Jestem zdeklarowanym proeuropejczykiem. Pomysł ten wywołał największe emocje w moim życiu: Europę, w której zawsze będzie pokój, bez wojen, w której zostawimy za sobą nacjonalizm. Niestety, zbyt wielu ludzi ma tego zapominalskiego wirusa, którzy o tym wszystkim zapomnieli i obiecują nowy nacjonalizm w każdym kraju europejskim. I widzieliśmy, do czego to prowadzi. To ogromna katastrofa, ta utrata pamięci…
Fred i ja byliśmy bardzo zdenerwowani Idealne dni kiedy widzieliśmy to w Cannes. Uderzyła nas poezja, która potępia ten film. To tak, jakbyśmy zapełniali pustkę historią empatycznego człowieka, który służy dobru wspólnemu i innym. Czy to część twojej pracy: wypełnianie pustki czymś, czego brakuje?
Poczułem się tak, kiedy w końcu mogłem wrócić do Japonii z tym niejasnym pomysłem. Być może po to, aby nakręcić kilka krótkich filmów dokumentalnych o architektach i ich pracach publicznych związanych z projektem społecznym dotyczącym toalet. I wtedy odkryłam to poczucie dobra wspólnego, które jest bardzo silne w Japonii, a także zamiłowanie do szczegółów. Podczas tego wszystkiego w Europie było bardzo smutno, że wielką ofiarą pandemii było wyraźnie poczucie dobra wspólnego. Chciałem więc porozmawiać o tym, dlaczego według mnie Japonia reprezentuje tak wiele dobrych idei społecznych dotyczących wspólnego życia i przyszłości ludzkości.
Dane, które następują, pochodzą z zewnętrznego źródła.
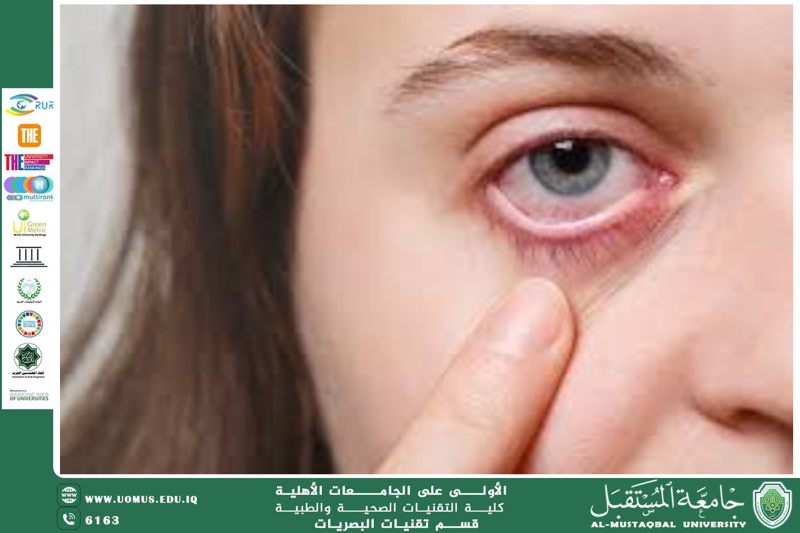  A scientific article by the lecturers, Assist.Prof.Dr. Munther Sameen Shukur / Lect. Mohaimen Sameer Aref / Lect. Ali Hadi Al-Husseini (Diabetic Retinopathy: Early Diagnosis and Treatment)
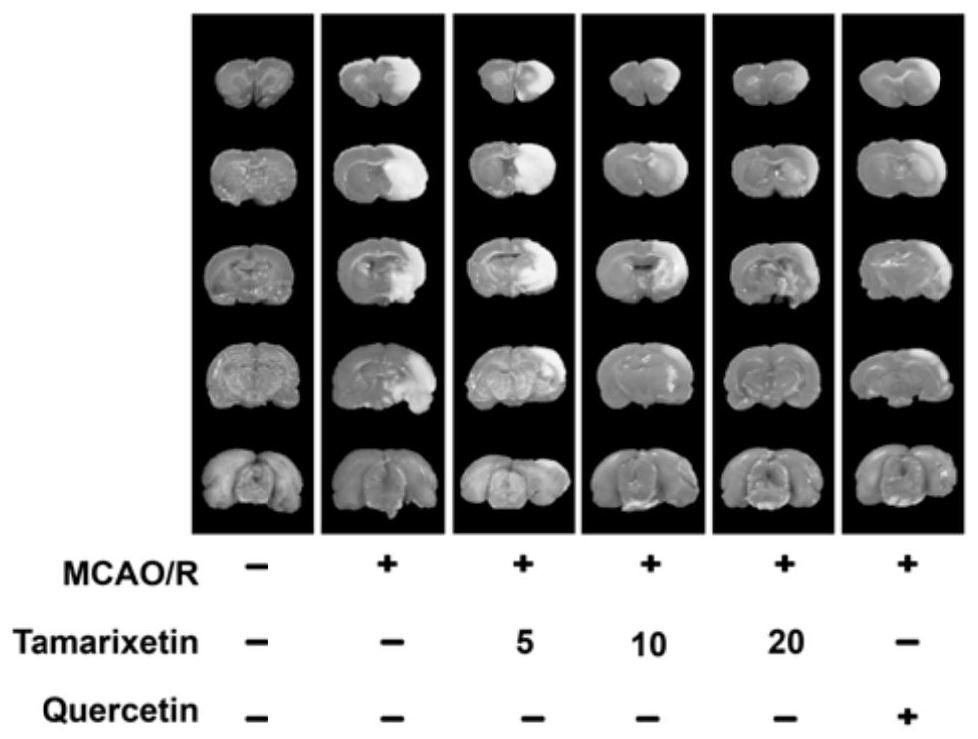 Application of tamaristin in preparation of medicine for preventing or treating ischemic encephalopathy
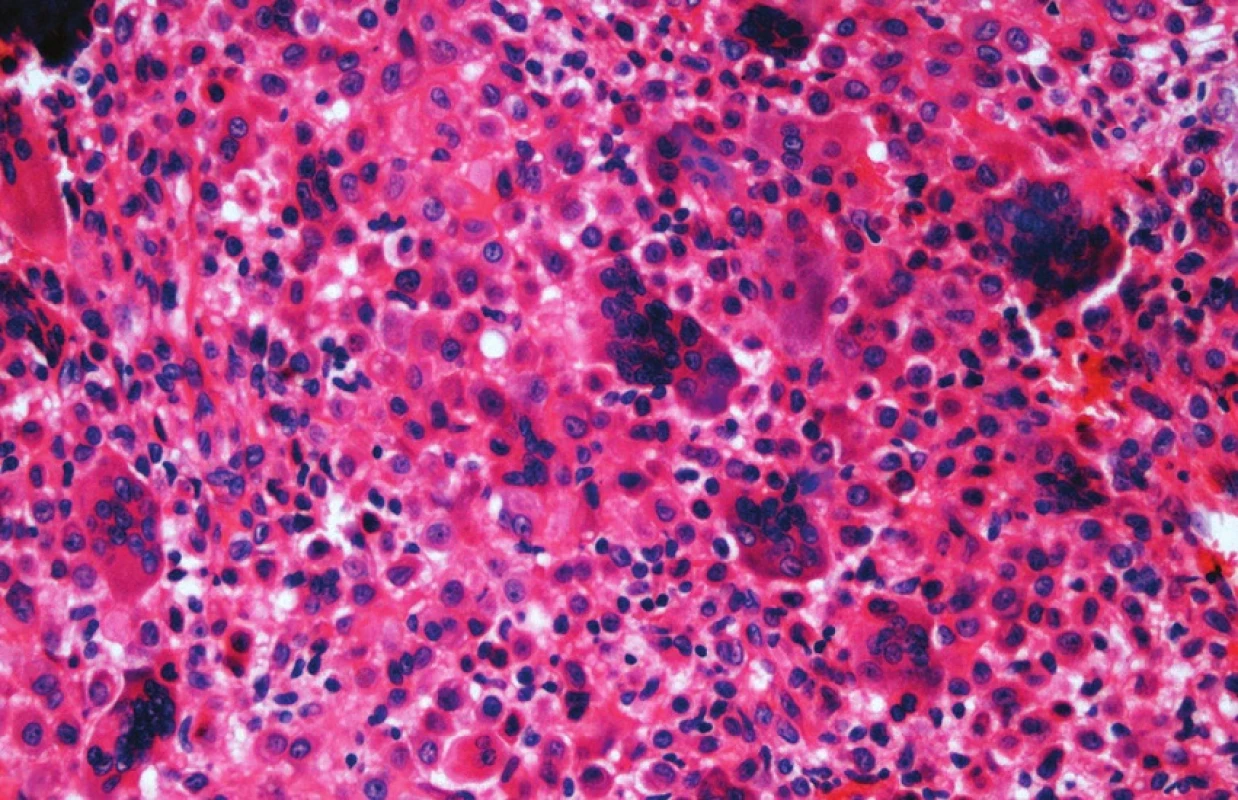 Tzv. agresivní varianta chondroblastomu se od obrovskobuněčného nádoru liší charakterem stromálních elementů, které si zachovávají typické histologické i imunohistochemické charakteristiky (S-100 protein pozitivita) chondroblastů, HE, x200.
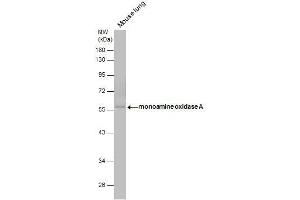 WB Image monoamine oxidase A antibody [N2C3] detects monoamine oxidase A protein by western blot analysis. (Monoamine Oxidase A antibody  (Center))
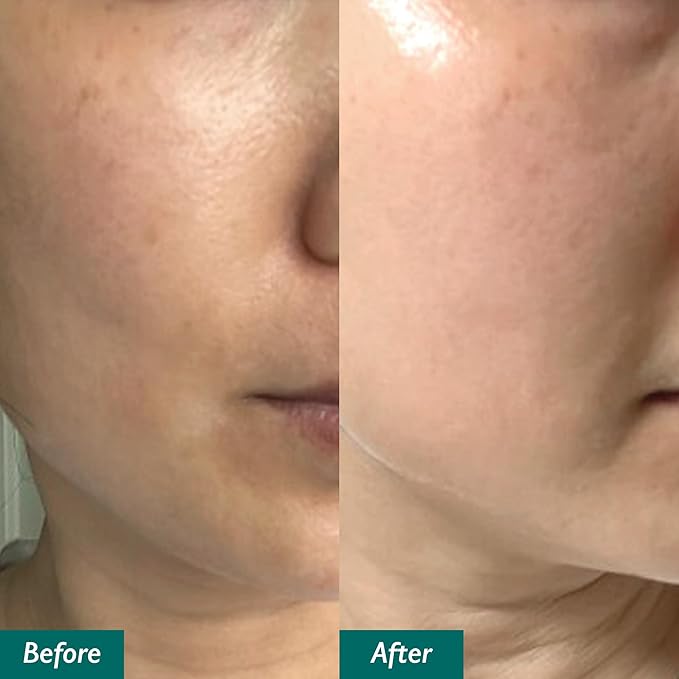 Edelweiss Lifting Serum – Anti-Aging Formula with Edelweiss Extract, Niacinamide, Peptides for Firming, Hydration & Brightening – 1.35 fl.oz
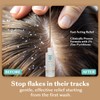 DHS Zinc Shampoo – Dandruff Shampoo – for Flaky and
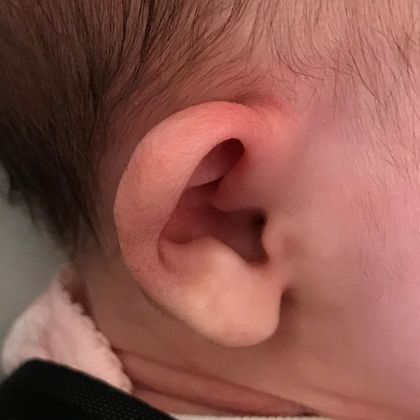 prominent ears before treatment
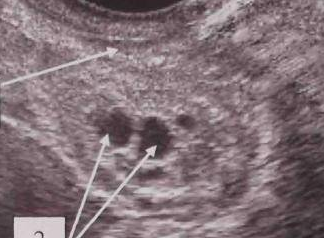 Мало фолликулов - низкий АМГ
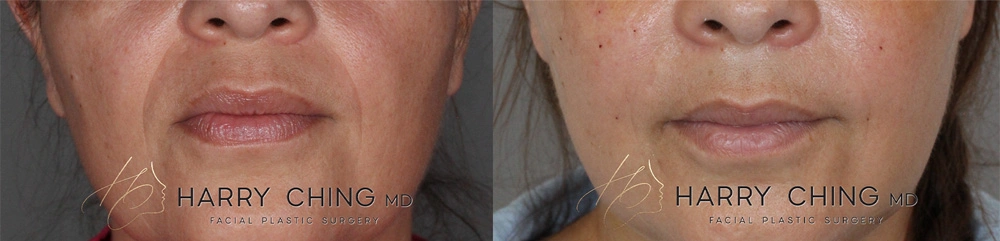 lip filler 5-1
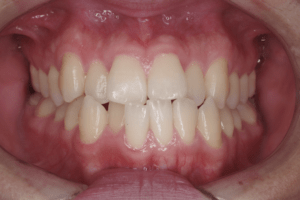 1 case 4, preoperative frontal view, 300x200 min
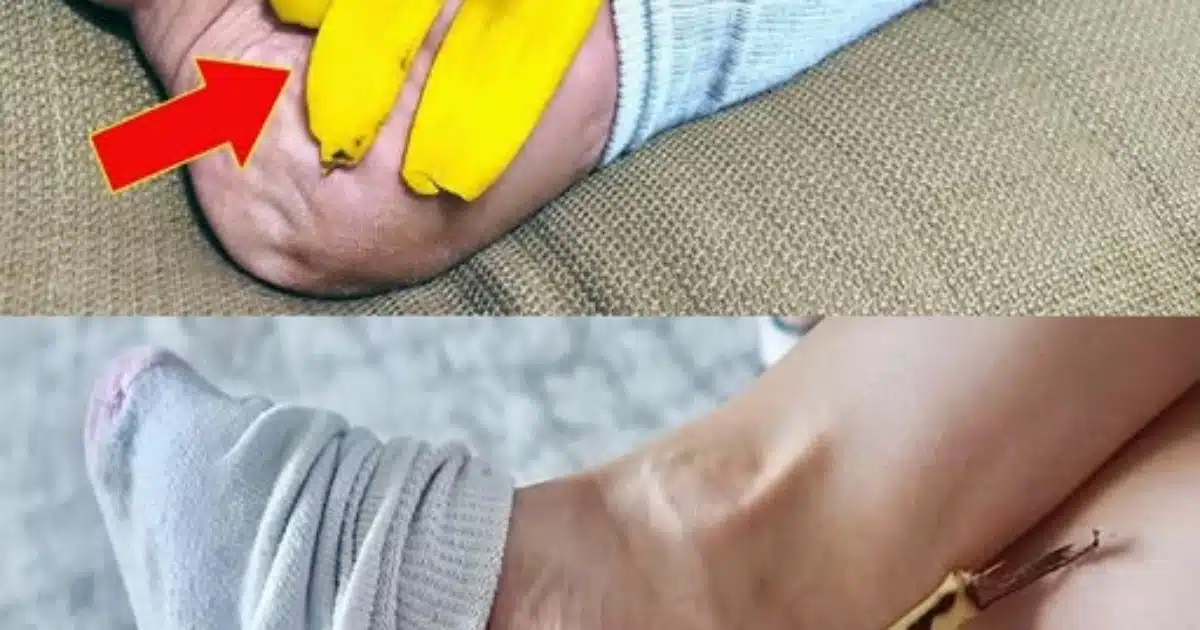 Peau de banane sur vos pieds : un remède naturel surprenant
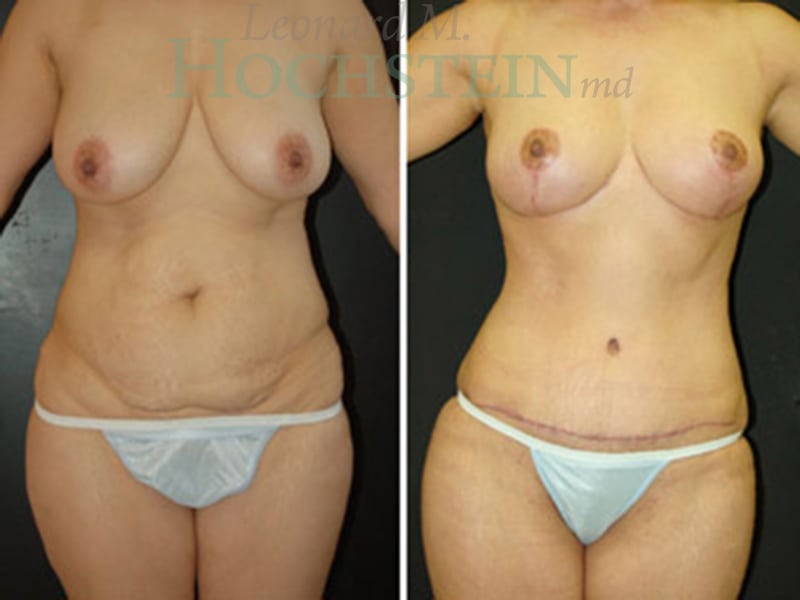 Mommy Makeover Patient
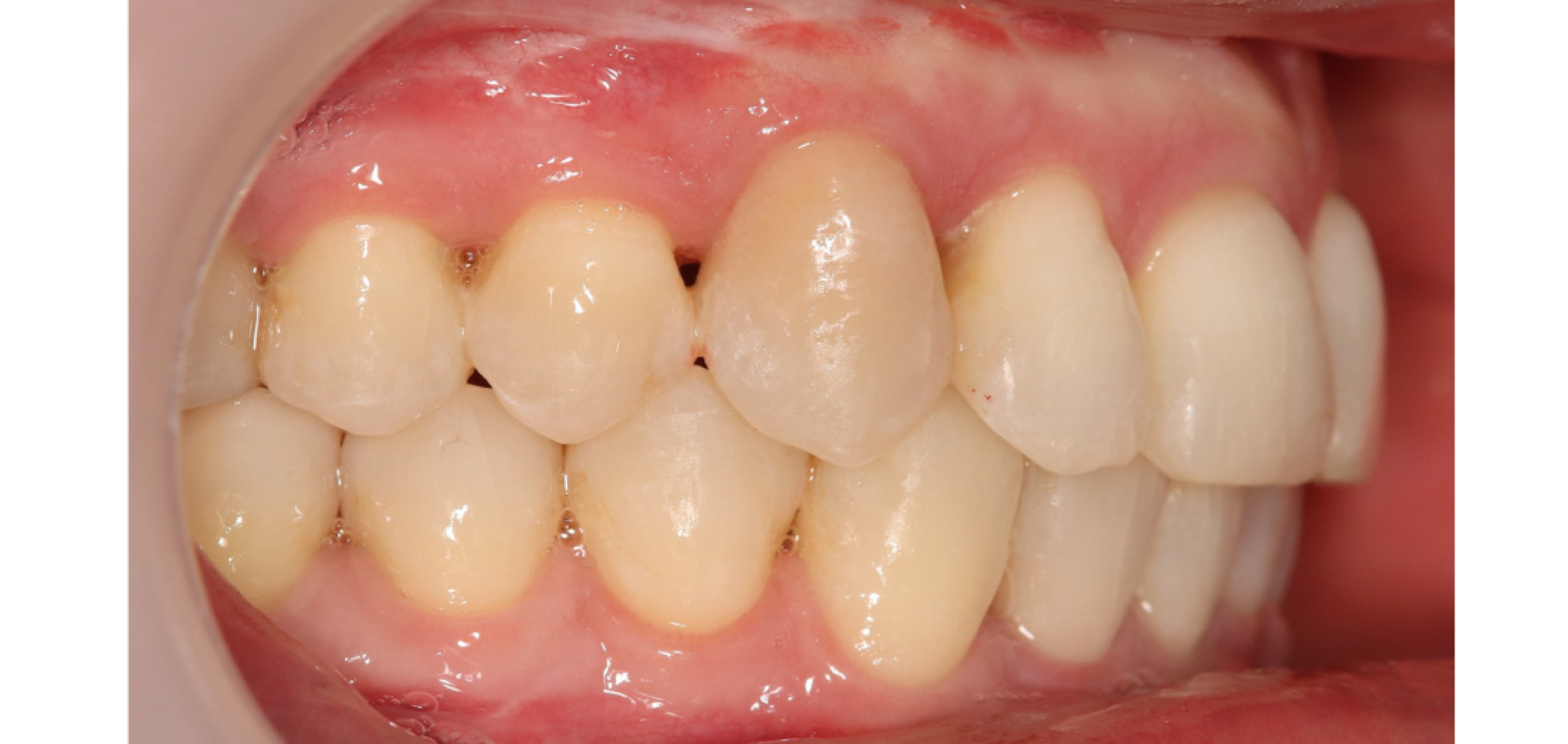 Exemples de cas traités par le Dr Quentin Boison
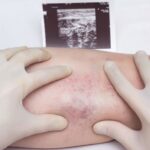 A doctor in gloves examines the veins and legs of the patient for the presence of thrombosis and varicose veins of the extremities, close-up, white background, ultrasound shot, medical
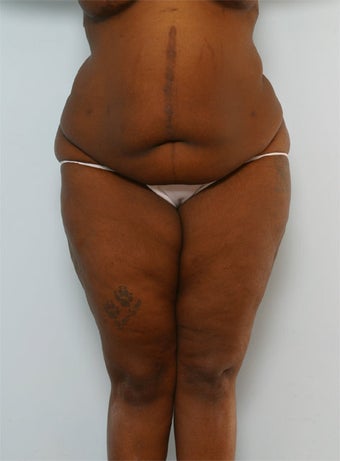 Body Lift before 260133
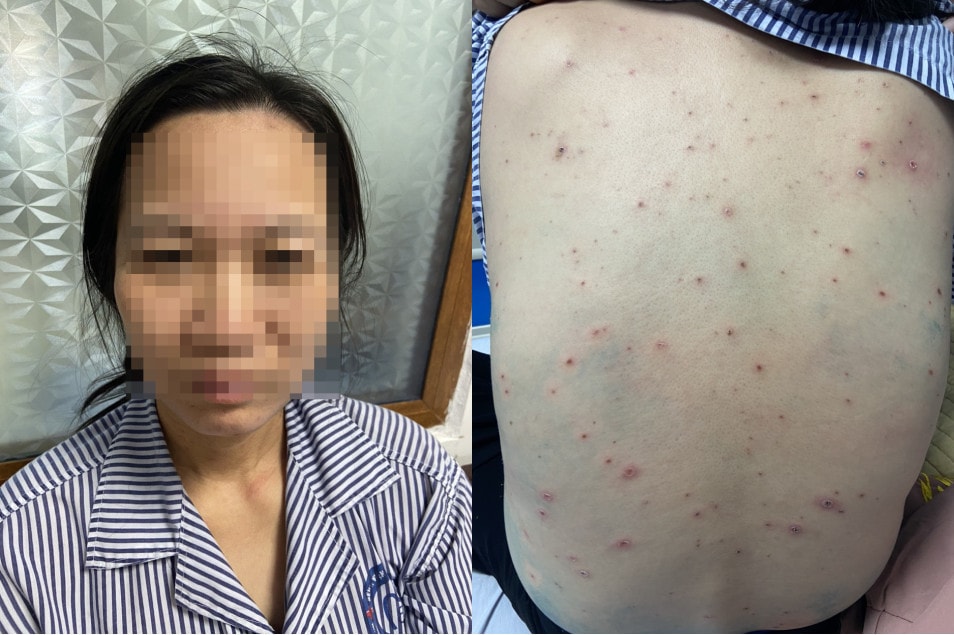 Tiếp xúc với 2 học sinh mắc bệnh thủy đậu, nữ giáo viên biến chứng nặng -0
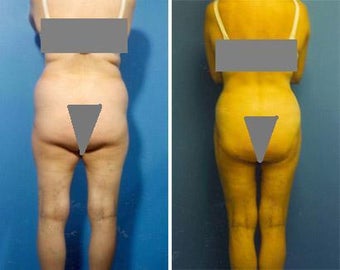 Liposuction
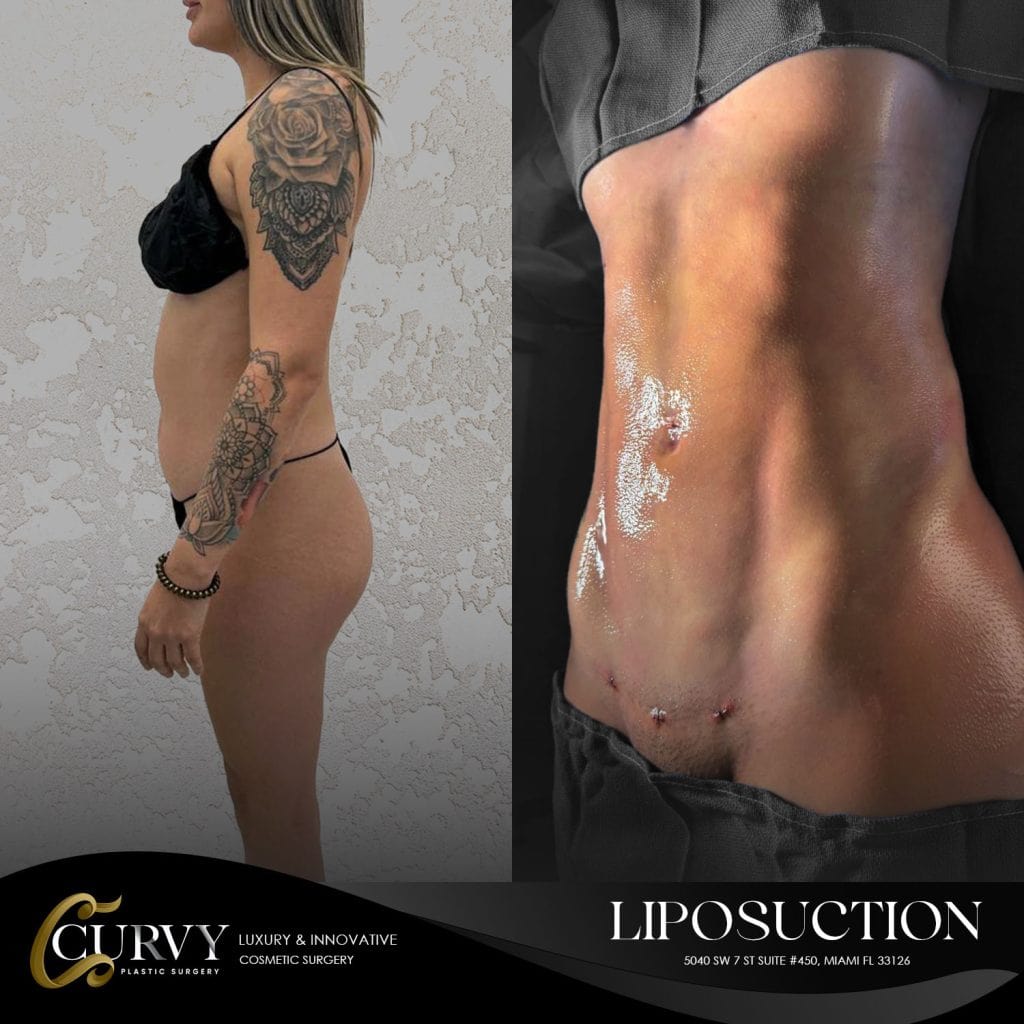 curvy_lipo (3)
W zabawny sposób opowiedzieliśmy bardzo naiwną historię. To bardzo proste i trochę utopijne. I zdaliśmy sobie sprawę, że nawet podczas kręcenia byliśmy naprawdę zadowoleni z naszej postaci. Bardzo go kochaliśmy i zdaliśmy sobie sprawę, że wiele naszych pragnień znalazło odzwierciedlenie w jego życiu, jego rutynie i sposobie, w jaki żył na co dzień – cieszyć się tym, co miał i tym, jak mało zrobił. w jego codziennym życiu. To było odurzające. Chciałeś to zrobić.
Robiąc film, chciałem zastosować jego metodę i usunąć wszystko, co było dla mnie ciężarem. I w końcu, aby być szczęśliwym, potrzebujesz znacznie mniej tego, co faktycznie masz. Największą chorobą, na którą obecnie wszyscy cierpimy, jest to, że mamy za dużo tego, co kochamy. Kochamy kino, ale filmów jest za dużo. Kocham muzykę, ale jest jej za dużo do słuchania. Uwielbiam czytać, ale mam zbyt wiele książek, których nie przeczytałam, których nie byłam w stanie przeczytać. Wszystkiego jest za dużo i wcale mnie to nie cieszy. To czyni mnie nieszczęśliwym. A gdybym mógł ograniczyć wszystko, byłbym szczęśliwszym człowiekiem.
Dowiedziałem się tego przez pomyłkę, z samego filmu, z naszej własnej historii. A ta fikcyjna postać wiele nas nauczyła. Wszyscy zaangażowani w film wiele się od tego fikcyjnego mężczyzny nauczyli, do tego stopnia, że stał się bardzo, bardzo realny i ostatecznie prawie nakręciliśmy o nim film dokumentalny.
Wim Wenders – zdobywca nagrody Lumière 2023.